Mmmh... komisch, dass er trotzdem abbricht... er liest "p" oder "r" denke ich mal ein und wenn er den ersten Widerstandswert (also r1) abfrägt, dann bricht er ab...
Alles sehr eigenartig...


----------



## Rabbit2001 (4. Jan 2007)

Hier die Meldungen die die Konsole ausspuckt:

Widerstands-Schaltung
(P)arallel- oder (R)eihenschaltung?
P
R1 in Ohm:
Exception in thread "main" java.lang.NumberFormatException: empty String
        at java.lang.FloatingDecimal.readJavaFormatString(FloatingDecimal.java:9
86)
        at java.lang.Double.parseDouble(Double.java:201)
        at Widerstand.main(Widerstand.java:53)
Press any key to continue...


----------



## hupfdule (4. Jan 2007)

Die Fehlermeldung ist doch eindeutig. Du versuchst einen leeren String nach Double zu casten. Das klappt natürlich nicht.
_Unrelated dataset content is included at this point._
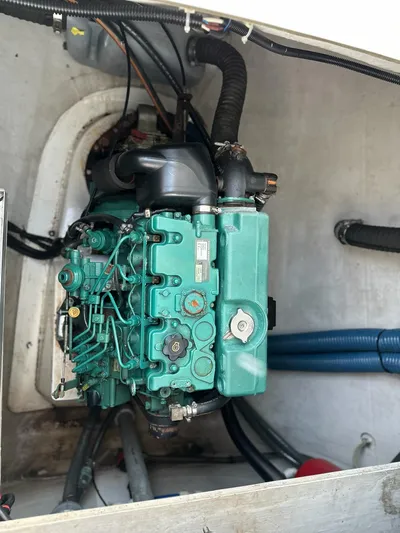 Freedom Yacht Photos Pics 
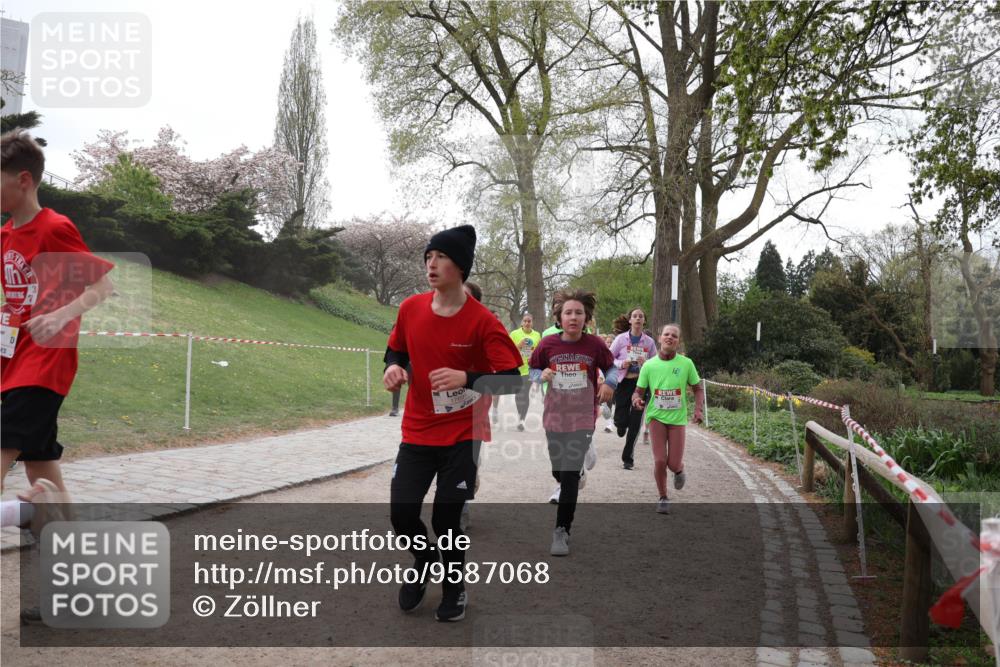 25.04.2026 - Das Zehntel Zöllner http://msf.ph/oto/9587068 25.04.2026 14:42:44 Laufen 17691 meine-sportfotos.de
Das Einlesen klappt offenbar nicht.


----------



## Leroy42 (4. Jan 2007)

Genau was ich vermutet habe: In deiner Eingabe steht

_P\r\n123.456\r\n_

1. Dein read() liest das P ==> OK!
2. Dein readline() liest \r\n ==> Leerer String ==> Nicht ok


----------



## Rabbit2001 (4. Jan 2007)

Das habe ich mir auch schon fast gedacht... also gibt es keinen anderen Weg, als doch das ganze als String einzulesen, oder?


----------



## Leroy42 (4. Jan 2007)

...zumindest keine plattformunabhängigen.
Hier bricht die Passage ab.